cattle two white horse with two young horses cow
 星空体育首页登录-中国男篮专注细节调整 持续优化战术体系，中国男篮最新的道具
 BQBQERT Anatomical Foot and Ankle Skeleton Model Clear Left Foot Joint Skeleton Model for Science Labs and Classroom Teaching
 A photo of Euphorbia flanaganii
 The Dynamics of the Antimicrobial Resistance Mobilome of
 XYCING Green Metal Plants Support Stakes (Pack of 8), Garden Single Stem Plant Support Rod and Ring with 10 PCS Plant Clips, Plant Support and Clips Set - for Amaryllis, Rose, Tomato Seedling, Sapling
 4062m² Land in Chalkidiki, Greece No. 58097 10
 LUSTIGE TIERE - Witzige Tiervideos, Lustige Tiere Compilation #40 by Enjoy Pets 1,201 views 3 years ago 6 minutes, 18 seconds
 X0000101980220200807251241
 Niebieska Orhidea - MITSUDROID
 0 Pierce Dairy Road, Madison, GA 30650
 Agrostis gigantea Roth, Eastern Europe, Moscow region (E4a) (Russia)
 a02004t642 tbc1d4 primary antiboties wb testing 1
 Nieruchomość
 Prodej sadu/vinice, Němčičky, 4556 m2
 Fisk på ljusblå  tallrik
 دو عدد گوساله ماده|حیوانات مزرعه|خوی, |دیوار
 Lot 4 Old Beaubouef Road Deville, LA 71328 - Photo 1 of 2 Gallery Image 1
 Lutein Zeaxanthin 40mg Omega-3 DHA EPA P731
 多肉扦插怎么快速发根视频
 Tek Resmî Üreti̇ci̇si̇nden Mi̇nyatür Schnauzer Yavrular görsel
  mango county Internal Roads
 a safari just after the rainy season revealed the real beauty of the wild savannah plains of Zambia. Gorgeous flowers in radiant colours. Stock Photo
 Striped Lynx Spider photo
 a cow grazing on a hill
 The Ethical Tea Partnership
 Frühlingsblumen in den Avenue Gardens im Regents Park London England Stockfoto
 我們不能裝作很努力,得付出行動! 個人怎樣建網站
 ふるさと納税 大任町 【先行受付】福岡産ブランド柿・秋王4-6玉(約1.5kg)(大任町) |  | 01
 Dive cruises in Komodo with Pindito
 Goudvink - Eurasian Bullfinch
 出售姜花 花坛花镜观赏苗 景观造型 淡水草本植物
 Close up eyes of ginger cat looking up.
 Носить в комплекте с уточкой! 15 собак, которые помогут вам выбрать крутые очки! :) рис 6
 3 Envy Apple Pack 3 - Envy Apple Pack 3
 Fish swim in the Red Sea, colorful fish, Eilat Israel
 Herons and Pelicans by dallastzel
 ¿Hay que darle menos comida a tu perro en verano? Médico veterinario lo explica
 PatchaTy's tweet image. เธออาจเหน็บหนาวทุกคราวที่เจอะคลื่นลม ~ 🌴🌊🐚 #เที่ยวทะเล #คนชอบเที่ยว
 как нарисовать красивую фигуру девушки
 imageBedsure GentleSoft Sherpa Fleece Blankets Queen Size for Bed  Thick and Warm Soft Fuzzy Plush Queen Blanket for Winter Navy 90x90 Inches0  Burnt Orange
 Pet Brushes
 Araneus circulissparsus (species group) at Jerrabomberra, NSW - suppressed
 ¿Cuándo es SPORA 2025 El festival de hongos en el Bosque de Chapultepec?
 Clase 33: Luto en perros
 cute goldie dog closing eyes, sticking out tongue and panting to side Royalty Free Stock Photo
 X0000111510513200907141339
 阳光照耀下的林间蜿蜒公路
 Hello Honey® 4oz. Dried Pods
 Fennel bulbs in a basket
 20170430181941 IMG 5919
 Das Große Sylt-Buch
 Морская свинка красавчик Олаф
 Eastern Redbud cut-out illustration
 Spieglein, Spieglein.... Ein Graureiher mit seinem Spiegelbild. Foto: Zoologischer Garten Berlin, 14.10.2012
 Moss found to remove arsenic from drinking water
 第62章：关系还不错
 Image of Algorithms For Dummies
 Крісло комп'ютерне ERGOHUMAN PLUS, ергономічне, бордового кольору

· · · ·

> _Task directions_
Each line in the material with "Pack" in it must be reported.

> _Task response_
 XYCING Green Metal Plants Support Stakes (Pack of 8), Garden Single Stem Plant Support Rod and Ring with 10 PCS Plant Clips, Plant Support and Clips Set - for Amaryllis, Rose, Tomato Seedling, Sapling
 3 Envy Apple Pack 3 - Envy Apple Pack 3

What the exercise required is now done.